One night I was out with a group of friends for dinner at Stephanie’s, a restaurant on Newbury Street in Boston that has a reputation as being a bit of a scene. I wanted to make my drink order as simple as possible given the size of our group, so opted for the house zinfandel.
It was really good.
Given Stephanie’s reputation, I was prepared to be sticker shocked when the bill arrived, but the wine was just $11 a glass. I asked for the name. It was Ravenswood Old Vine Zinfandel.
On my next trip to the grocery store, I looked to see if they had the wine, and lo and behold, they did! Then I experienced reverse sticker shock: The delicious zinfandel was on sale for $6.99 per bottle, down from a regular price of $8.99.
Needless to say, Ravenswood Zinfandel has become a staple in our household. I don’t know a lot about wine and am therefore sometimes reluctant to recommend wine to other people, but most people seem to like the Ravenswood Zin.

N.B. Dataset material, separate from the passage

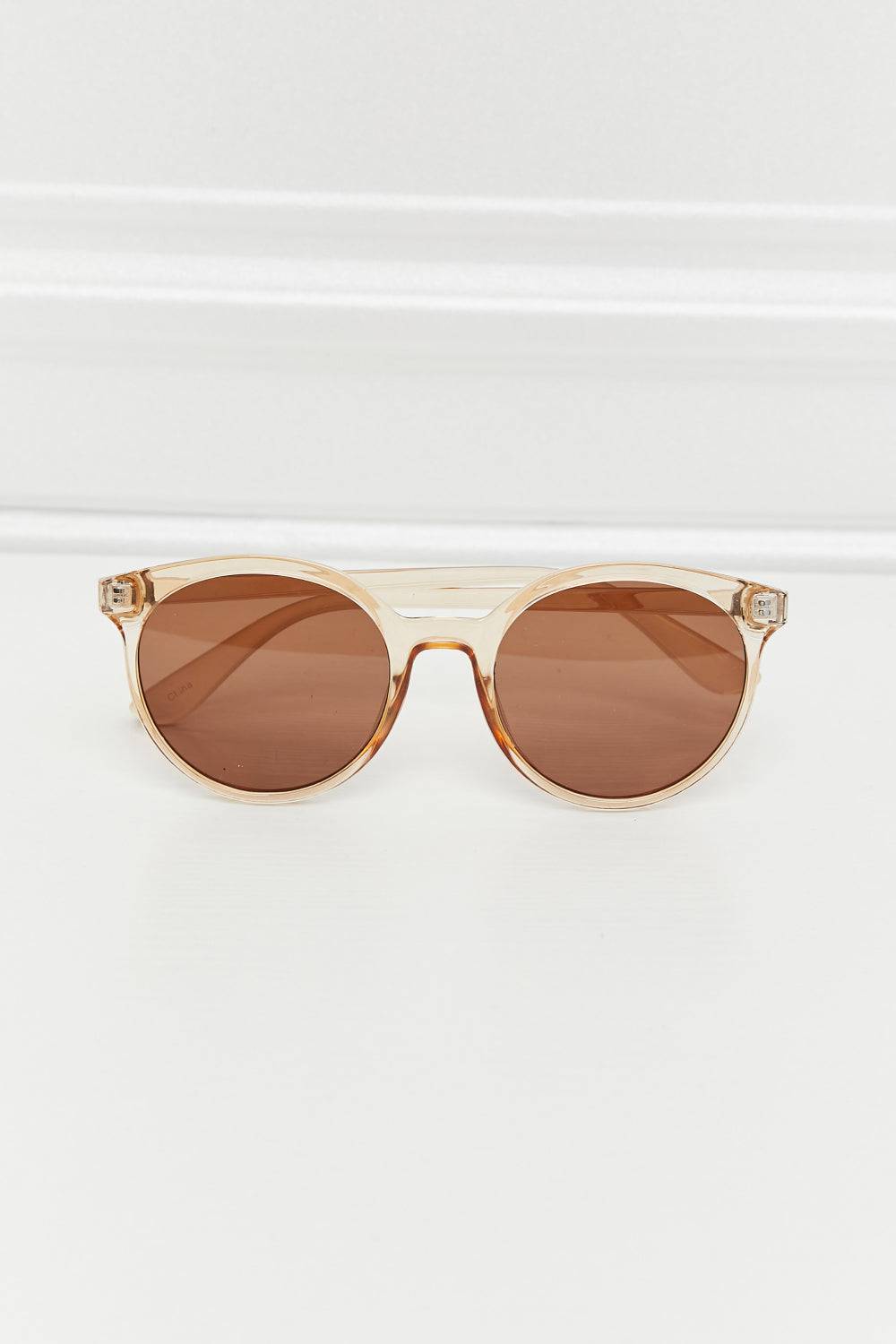 Round Full Rim Polycarbonate Frame Sunglasses - Sosea Swimwear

I’ve even heard other people independently recommend it, so I’m not the only one who finds it delicious.
Like any zinfandel, the Ravenswood is a full-bodied, strong, fruity wine. As a non-connoisseur, I’d pair it with bacon and peanut butter cups, but a more discerning palate would probably appreciate it alongside red meat or a tomato-based pasta dish.
I’ve tried other red wines from Ravenswood’s low-end line, and think the zinfandel is the best one. I know Ravenswood also produces finer wines that retail for $15-$40 per bottle, and if I ever see them on the shelves, I’d definitely try one for dinner with friends. For casual drinking though, Ravenswood Zinfandel rocks.